The Visiting Artists Program, founded in 1868, is the oldest public program at SAIC. In addition to bringing some of the leading artistic voices to SAIC, the program plays a critical role in informing the curriculum by arranging studio critiques and roundtable discussions with students, providing them with direct access to world-renowned speakers working across disciplines.

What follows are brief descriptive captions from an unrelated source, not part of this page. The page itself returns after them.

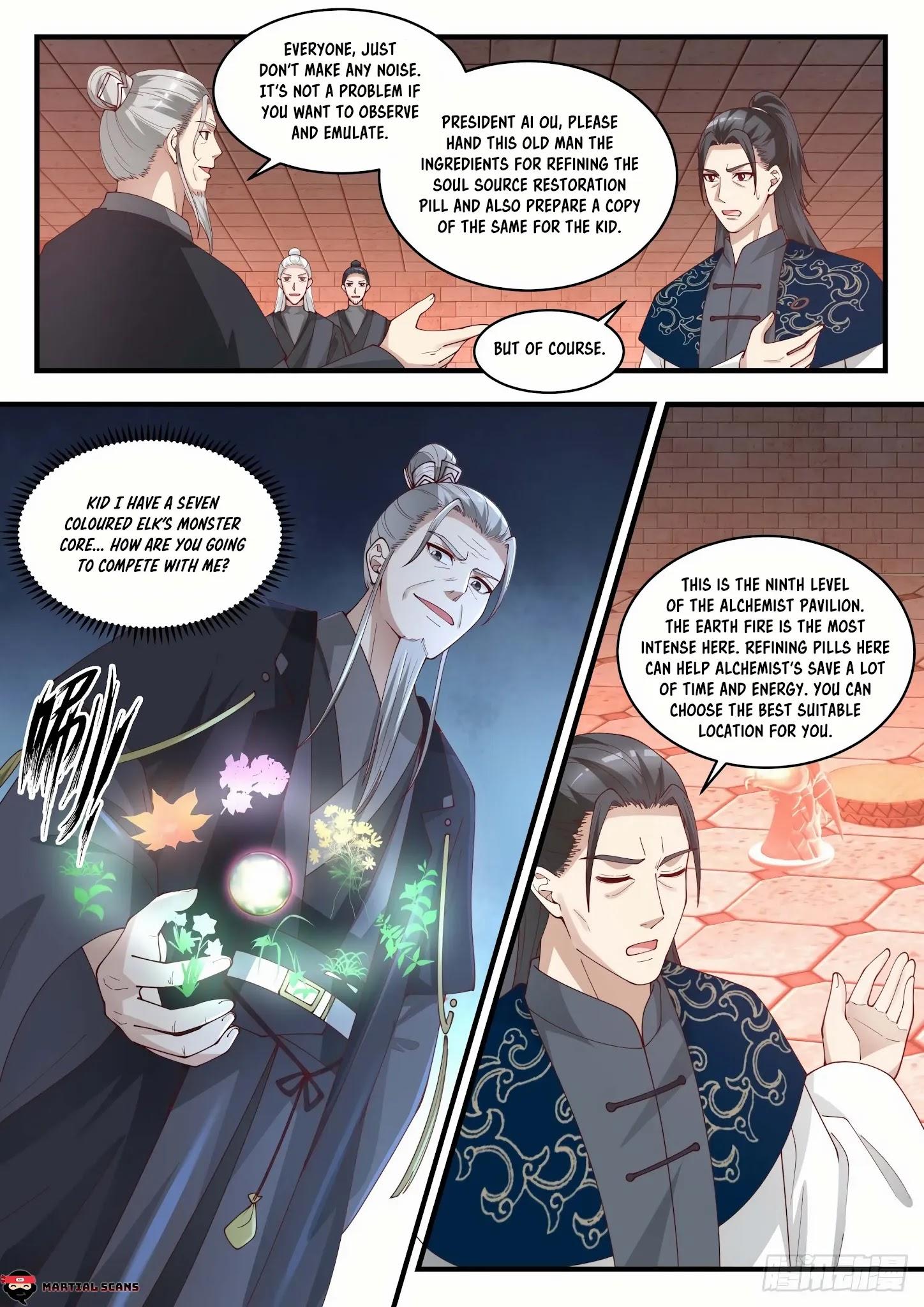 Martial Peak Chapter 1539: Is He Really An Alchemist? page 6 - Mangakakalots.com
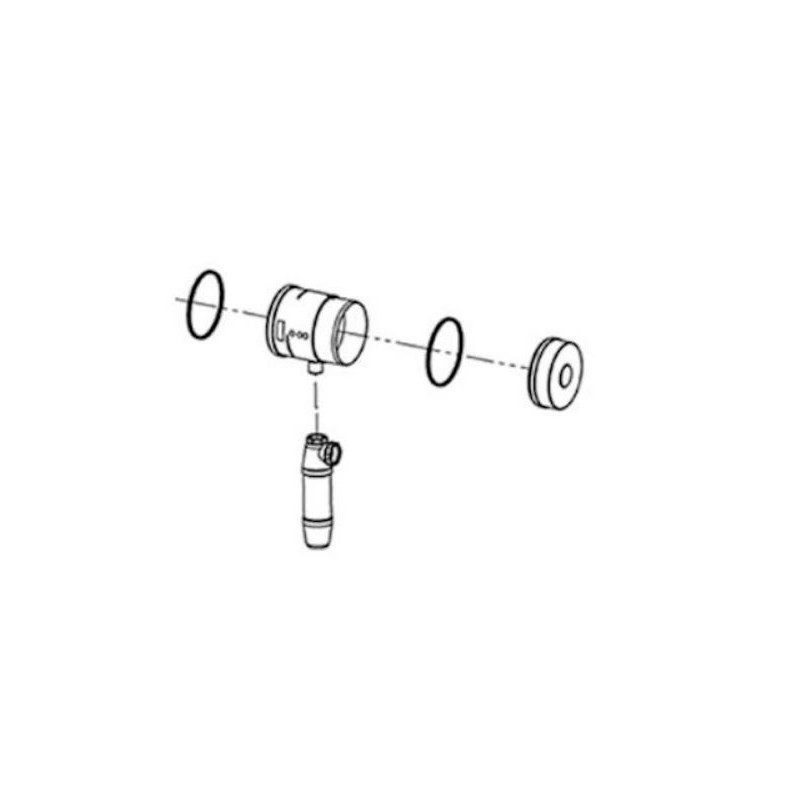 Caldera Condensacion ARISTON 3590466 Recuperador de condensados + sif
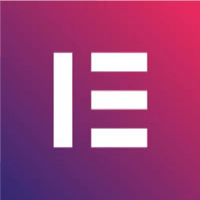 Logo du page builder Elementor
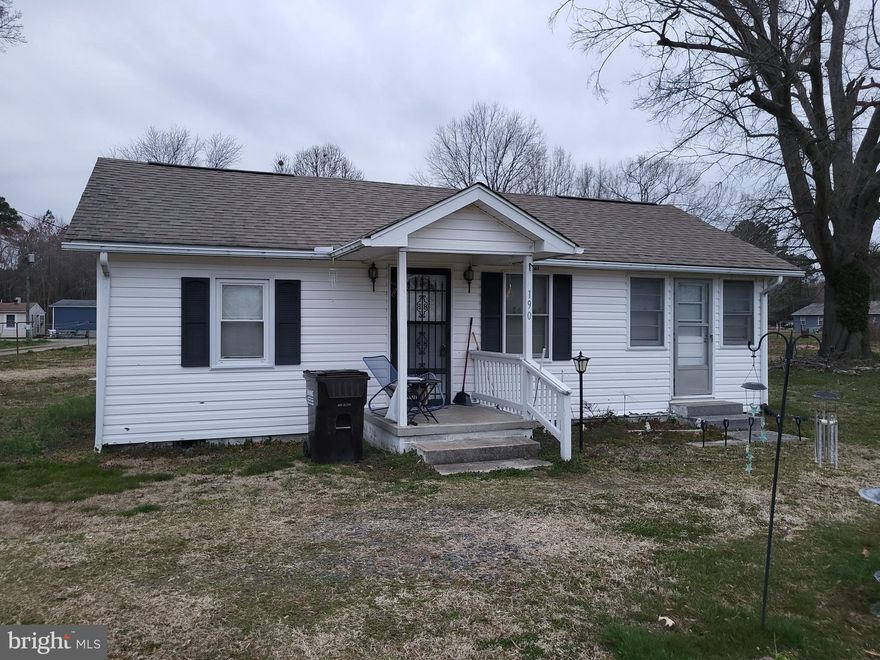 Priced to sell!!  A cozy rambler nestled on an acre of land located close to the charming town of Montross, Virginia. This 1,044 square foot, 2 bedroom and 1 bath home offers a comfortable layout, perfect for a small family or couple seeking a peaceful retreat.  New carpet and vinyl flooring just installed, well is approximately  3 years old and newer roof with architectural shingles.  Overall, this rambler offers a simple yet charming living space, ideal for those seeking an affordable and peaceful haven in the heart of Virginia's countryside.  Property is being sold as-is.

Visiting Artists Program Lecture Schedule

All presentations are free and open to the public, begin promptly at 6:00 p.m. and take place in Rubloff Auditorium at The Art Institute of Chicago, 230 S. Columbus Drive. All seating is first come, first served and reservations are not required. For more information, visit

Laura Owens: Bill and Stephanie Sick Distinguished Visiting Professor
Tuesday, September 12, 6:00 p.m.

Established in 2006 by a generous gift from Bill and Stephanie Sick, this distinguished visiting professorship enables internationally renowned artists and designers to visit and teach at SAIC.

Apichatpong Weerasethakul: Distinguished Alumni Lecture Series
Tuesday, September 19, 6:00 p.m.

Presented in partnership with SAIC’s Office of Alumni Relations

His survey exhibition Apichatpong Weerasethakul: The Serenity of Madness curated by Gridthiya Gaweewong (MA 1996) will be on view in SAIC’s Sullivan Galleries September 16–December 8.

Do Ho Suh
Monday, October 9, 6:00 p.m.

Mark Dion
Monday, October 16, 6:00 p.m.

Presented in partnership with SAIC’s Conversations on Art & Science Series

Sarah Schulman
Tuesday, October 24, 6:00 p.m.

Gareth Pugh
In Conversation with Gillion Carrara and Caroline Bellios

Wednesday, November 1, 6:00 p.m.

Presented in partnership with SAIC’s Department of Fashion Design and the Fashion Resource Center

Stefan Sagmeister
Monday, November 13, 6:00 p.m.

Presented in partnership with SAIC’s Department of Visual Communication Design. Additional support provided by the Architecture & Design Society at the Art Institute of Chicago.

About the School of the Art Institute of Chicago

For 150 years, the School of the Art Institute of Chicago (SAIC) has been a leader in educating the world’s most influential artists, designers, and scholars. Located in downtown Chicago with a fine arts graduate program consistently ranking among the top programs in the nation by U.S. News and World Report, SAIC provides an interdisciplinary approach to art and design as well as world-class resources, including the Art Institute of Chicago museum, on-campus galleries, and state-of-the-art facilities. SAIC’s undergraduate, graduate, and post-baccalaureate students have the freedom to take risks and create the bold ideas that transform Chicago and the world—as seen through notable alumni and faculty such as Michelle Grabner, David Sedaris, Elizabeth Murray, Richard Hunt, Georgia O’Keeffe, Cynthia Rowley, Nick Cave, Jeff Koons, and LeRoy Neiman.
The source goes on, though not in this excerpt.